Absence of evidence is not evidence of absence

Absence of evidence is not evidence of absence

Rate This
  • Comments 15

Today, two more subtly incorrect myths about C#.

As you probably know, C# requires all local variables to be explicitly assigned before they are read, but assumes that all class instance field variables are initially assigned to default values. An explanation of why that is that I sometimes hear is "the compiler can easily prove that a local variable is not assigned, but it is much harder to prove that an instance field is not assigned. And since the class's default constructor automatically assigns all instance fields to default values, you don't need to do the analysis for fields."

Both statements are subtly incorrect.

The first statement is incorrect because the compiler in fact cannot and does not prove that a local variable is not assigned. Proving that is (1) impossible, and (2) does not give us any useful information we can act upon. It's impossible because proving that a given variable is assigned a value is equivalent to solving the Halting Problem:

int x;
if (/*condition requiring solution of the halting problem here*/) x = 10;
print(x);

If what we wanted to do was prove that x was unassigned then we would have to at compile time prove that the condition was false. Our compiler is not that sophisticated!

But the deeper point here is that we're not interested in proving for certain that x is unassigned. We're interested in proving for certain that x is assigned! If we can prove that for certain, then x is "definitely assigned". If we cannot prove that for certain then x is "not definitely assigned". We're only interested in "definitely unassigned" insofar as "definitely unassigned" is a stronger version of "not definitely assigned". If x is read from when it is "not definitely assigned", that's a bug.

That is, we're attempting to prove that x is assigned, and our failure to prove that at every point where it is read is what motivates the error. That failure could be because of a bona fide bug in your program, or it could be because our flow analyzer is extremely conservative. For example:

int x, y = 0;
if (0 * y == 0) x = 10;
print(x);

You and I know that x is definitely assigned, but in C# 3 the compiler is deliberately not smart enough to prove that. (Interestingly enough, it was smart enough in C# 2. I broke that to bring the compiler into line with the spec; being smarter but in violation of the spec is not necessarily a good thing.) 

This example again shows that we do not prove that x is unassigned; if we did prove that, then clearly our prover would contain an error, since you and I both know that x is definitely assigned. Rather, we fail to prove that x is assigned.

This is an interesting twist on the believers vs skeptics argument that goes like this: the skeptic says "there's no reliable evidence that bigfoot exists, therefore, bigfoot does not exist". The believer says "absence of reliable evidence is not itself evidence of absence; and yes, bigfoot does exist". In both cases, reasoning from a position of lacking reliable evidence is seldom good reasoning! But in our case, it is precisely because we lack reliable evidence that we are coming to the conclusion that we do not know enough to allow you to read from x.
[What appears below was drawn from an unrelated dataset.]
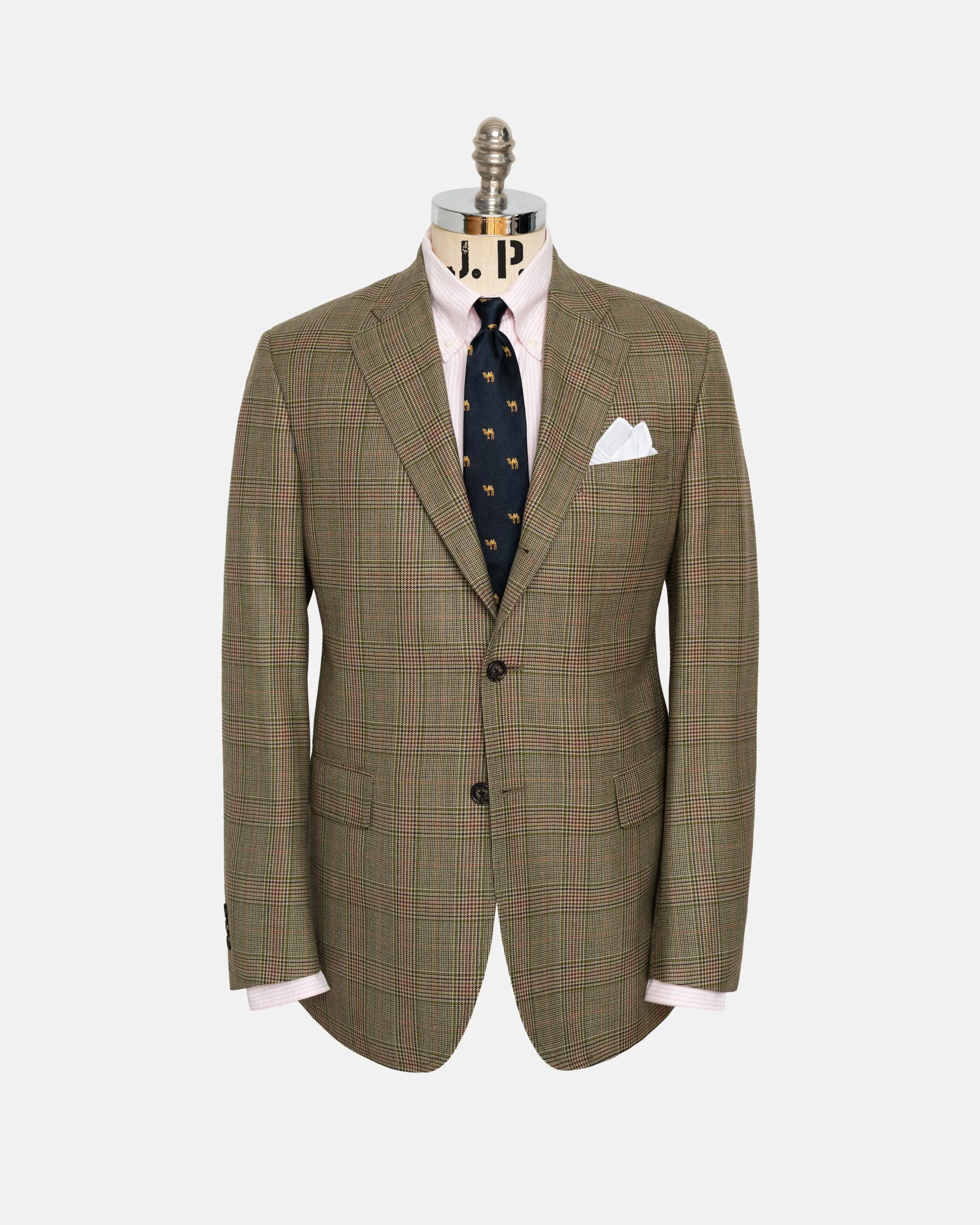 MADE-IN-CANADA OLIVE MULTI PLAID SPORT COAT - 1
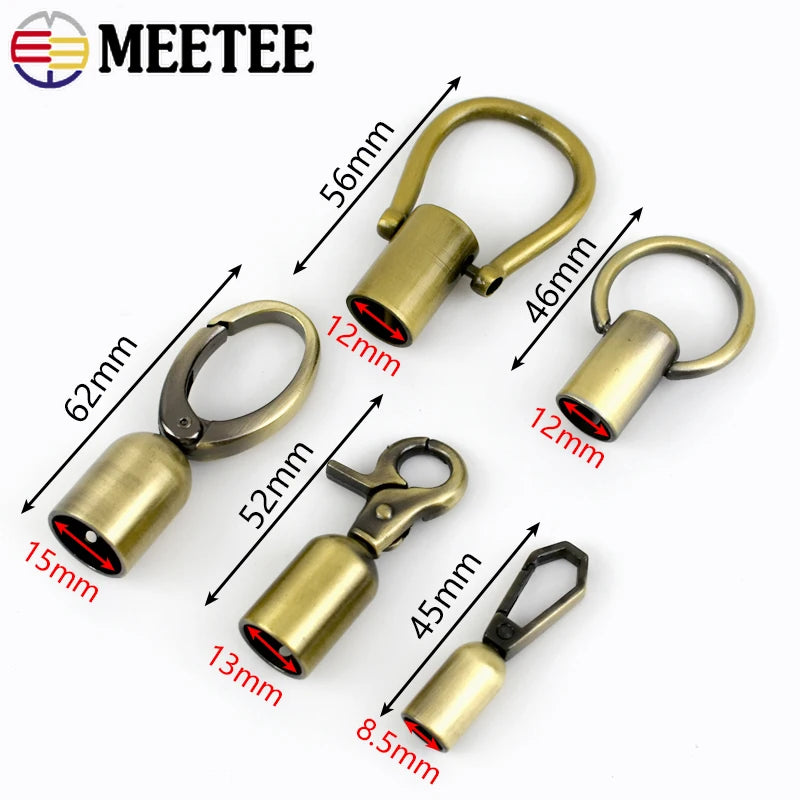 8/300Pcs Metal Buckles Bag Tassel Cap Clasp Lobster Clasps Handbag Handle Strap End Tip Caps Connector Snap Hook Accessories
(The relevant principle for tentatively concluding that bigfoot is mythical based on a lack of reliable evidence is "extraordinary claims require extraordinary evidence". It is reasonable to assume that an extraordinary claim is false until reliable evidence is produced. When overwhelmingly reliable evidence is produced of an extraordinary claim -- say, the extraordinary claim that time itself slows down when you move faster -- then it makes sense to believe the extraordinary claim. Overwhelming evidence has been provided for the theory of relativity, but not for the theory of bigfoot.)

The second myth is that the default constructor of a class initializes the fields to their default values. This can be shown to be false by several arguments.

First, a class need not have a default constructor, and yet its fields are always observed to be initially assigned. If there is no default constructor, then something else must be initializing the fields.

Second, even if a class does have a default constructor, there's no guarantee that it will be called. Some other constructor could be called.

Third, the field initializers of a class run before any constructor body runs, therefore it cannot be the constructor body that does the initialization; that would be wiping out the results of the field initializers.

Fourth, constructors can call other constructors; if each of those constructors was initializing the fields to zero, then that would be wasteful; we'd be unneccessarily re-initializing already-wiped-out fields.

What actually happens is that the CLI memory allocator guarantees that the memory allocated for a given class instance will be initialized to all zeros before the constructor is called. By the time the constructors run the object is already freshly zeroed out and ready to go.

 

  • Fifth, local variables are also always initialized by the CLI to default values, so nothing in particular follows from the statement "since the [something] automatically assigns all instance fields to default values".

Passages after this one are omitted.